The answers, Dr. Kremer wrote, lie with data collection in national registries throughout Europe that use one-payer governmental systems, which can mandate participation. These systems are crucial for buttressing the shorter-term substantial results, such as those reported by Emery and colleagues, with real-world data over much longer treatment periods.
"Experts in health economics can apply rigorous formulae . . . to establish whether the promising data reported in these investigations are sustained, and whether the new biological agents are cost effective," Dr. Kremer said. "The answers are not yet entirely in."
Dr. Emery reported that he has served as a Wyeth consultant and has received Wyeth research grants. Other researchers served as Wyeth consultants or were Wyeth employees at the time of this trial. Dr. Kremer, the comment author, reported no conflicts of interest.

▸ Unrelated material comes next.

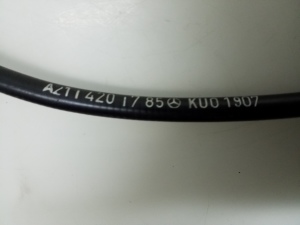 Mercedes Benz CLS-Class 219 (2004–2010) Käsipiduri tross A2114201785 - 2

Primary source: The LancetSource reference:Emery P, et al "Comparison of methotrexate monotherapy with a combination of methotrexate and etanercept on active, early, moderate to severe rheumatoid arthritis (COMET): a randomized, double-blind, parallel treatment trial" The Lancet 2008; DOI: 10.1016/S0140-6736(08)61000-4. Additional source: The LancetSource reference: Kremer J "COMET's path, and the new biologicals in rheumatoid arthritis" The Lancet 2008; DOI: 10.1016/S0140-6736(08)61001-6.